After the 2008 Election, in which we elected our first black President and marked the first election in over 40 years that a Democrat won the state of Indiana, members of the GOP shut down two early voting sites in Marion County and moved them to Hamilton County.
Marion County, which includes Indianapolis, is a Democratic stronghold, while Hamilton, which has the state’s highest median income, is a GOP stronghold. Despite Marion County having a population three times the size of Hamilton, it was left with only one early voting site to Hamilton’s three.
A difference of two voting sites doesn’t sound like a lot, but the results are staggering: Marion County saw a 26 percent decline in voting, while during the same period Hamilton saw a 63 percent increase. Refusing to acknowledge the obvious statistics, Indiana’s Secretary of State, the chief elections officer, recently went on record denying the correlation between voting access and voter turnout.
Not only have efforts been spearheaded in central Indiana to keep incumbents in power, but efforts here in Lake County have attracted controversy at the national level as well. Recently the Indiana State Legislature passed Senate Bill 220, a law that would consolidate 294 of the county’s 522 precincts, which are small voting districts.
The immediate result would be a commensurate closure of polling places, longer travel times, and longer wait times for citizens in the affected precincts. Forty-one percent of precincts in south Lake County and 78 percent of those in north Lake County are being targeted for consolidation.
In response, the National Association for the Advancement of Colored People (NAACP) filed a lawsuit alleging that the new law violates Section 2 of the Voting Rights Act as well as the First, Fourteenth, and Fifteenth Amendments to the Constitution.
Not only does the law place a punishing burden on our right to vote, but it also targets a single county, leaving alone approximately 1,345 precincts outside Lake County and across Indiana that contain fewer than 600 active voters. In 2014, the state tried to pass a similar bill, but it was overturned by a state court for unjustifiably targeting a single county, and it never made it into law.
Regardless of your political views, Lake County’s precinct consolidation law is an insult to us all. We deserve more representation in Indianapolis, not less. These targeted efforts to close polling places and make voting more difficult are part of a sinister vision to deprive thousands of Hoosier citizens their right to participate in our government.

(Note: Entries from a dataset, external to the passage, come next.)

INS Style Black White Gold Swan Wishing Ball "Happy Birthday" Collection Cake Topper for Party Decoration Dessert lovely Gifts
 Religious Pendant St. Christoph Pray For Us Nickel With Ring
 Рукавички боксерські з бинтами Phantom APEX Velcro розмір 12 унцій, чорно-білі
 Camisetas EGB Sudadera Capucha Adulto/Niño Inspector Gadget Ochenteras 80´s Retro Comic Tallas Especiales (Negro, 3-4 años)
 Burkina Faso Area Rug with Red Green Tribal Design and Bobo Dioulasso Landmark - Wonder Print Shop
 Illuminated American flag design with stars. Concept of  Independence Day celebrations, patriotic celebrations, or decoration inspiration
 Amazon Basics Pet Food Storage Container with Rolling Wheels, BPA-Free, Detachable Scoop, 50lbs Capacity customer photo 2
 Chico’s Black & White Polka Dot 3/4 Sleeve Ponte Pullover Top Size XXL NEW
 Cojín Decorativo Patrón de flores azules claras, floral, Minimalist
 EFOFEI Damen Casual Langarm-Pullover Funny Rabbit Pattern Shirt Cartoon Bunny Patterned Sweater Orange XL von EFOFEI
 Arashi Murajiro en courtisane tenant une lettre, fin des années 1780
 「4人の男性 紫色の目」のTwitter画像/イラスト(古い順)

It’s often cynics who say that one vote doesn’t make a difference, and that standing up to political powers isn’t something that can be changed by any ordinary person. In fact, some of our elected officials across Lake County have sponsored and even authored this incredibly damaging legislation.
There is bold-faced hypocrisy in a politician asking for something as sacred as your vote, then working tirelessly to take it away from you. We must demand more from our representation, and we must hold them accountable when they pass laws that are not only a severe burden, but also against the very ideals this country was founded on.